Understanding what are the best products to export from South Africa in 2020.
The African continent’s southernmost country, the Republic of South Africa shipped US$90.2 billion worth of goods around the globe in 2019. That dollar amount reflects a 12.4% gain since 2015 but a -4.4% decline from 2018 to 2019.
Based on the average exchange rate for 2019, the South African rand depreciated by -13.2% against the US dollar since 2015 and declined by -9.2% from 2018 to 2019. South Africa’s weaker local currency makes its exports paid for in stronger US dollars relatively less expensive for international buyers.
The latest available country-specific data shows that 61.7% of products exported from South Africa were bought by importers in: China (10.7% of the global total), Germany (8.3%), United States (7%), United Kingdom (5.2%), Japan (4.8%), India (4.6%), Botswana (4.5%), Mozambique (4.1%), Namibia (4%), Netherlands (3.2%), Belgium (3%) and Zambia (2.3%).
From a continental perspective, 31.3% of South African exports by value were delivered to importers in Asia while 26.7% were sold to fellow African countries.
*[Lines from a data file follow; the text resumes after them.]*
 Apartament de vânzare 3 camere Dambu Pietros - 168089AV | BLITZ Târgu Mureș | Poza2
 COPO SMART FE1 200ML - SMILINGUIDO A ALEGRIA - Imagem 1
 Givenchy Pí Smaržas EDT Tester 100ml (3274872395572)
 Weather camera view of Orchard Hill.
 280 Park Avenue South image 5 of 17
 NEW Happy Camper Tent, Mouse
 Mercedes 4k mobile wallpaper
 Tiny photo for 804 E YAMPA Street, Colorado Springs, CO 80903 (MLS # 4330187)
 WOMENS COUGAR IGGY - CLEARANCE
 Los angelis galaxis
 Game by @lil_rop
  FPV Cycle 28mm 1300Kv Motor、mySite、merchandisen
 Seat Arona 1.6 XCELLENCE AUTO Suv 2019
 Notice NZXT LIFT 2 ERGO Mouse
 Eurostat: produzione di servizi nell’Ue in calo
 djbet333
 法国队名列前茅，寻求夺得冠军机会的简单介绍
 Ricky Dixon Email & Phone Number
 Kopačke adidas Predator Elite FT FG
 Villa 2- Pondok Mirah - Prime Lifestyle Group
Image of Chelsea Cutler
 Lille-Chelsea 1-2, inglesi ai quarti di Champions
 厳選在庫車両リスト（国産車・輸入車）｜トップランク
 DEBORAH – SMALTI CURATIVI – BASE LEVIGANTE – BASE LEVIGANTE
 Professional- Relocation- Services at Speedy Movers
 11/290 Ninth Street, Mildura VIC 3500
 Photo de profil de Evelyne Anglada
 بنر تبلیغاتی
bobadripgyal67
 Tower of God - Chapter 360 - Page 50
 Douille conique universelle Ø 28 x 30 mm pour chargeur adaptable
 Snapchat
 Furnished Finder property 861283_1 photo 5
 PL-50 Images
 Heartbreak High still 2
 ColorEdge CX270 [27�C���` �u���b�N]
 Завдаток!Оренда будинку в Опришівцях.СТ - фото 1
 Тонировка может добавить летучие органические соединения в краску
South Africa shipped another 26.1% worth of its goods to Europe. Smaller percentages arrived in North America (7.5%), Oceania (1%) led by Australia, and Latin America (also 1%) excluding Mexico but including the Caribbean.
Given South Africa’s population of 55.4 million people, its total $94.4 billion in 2019 exports translates to roughly $1,500 for every resident in the relatively wealthy African nation.
South Africa’s Top 10 Exports
- Top 10
The following export product groups represent the highest dollar value in South African global shipments during 2019. Also shown is the percentage share each export category represents in terms of overall exports from South Africa.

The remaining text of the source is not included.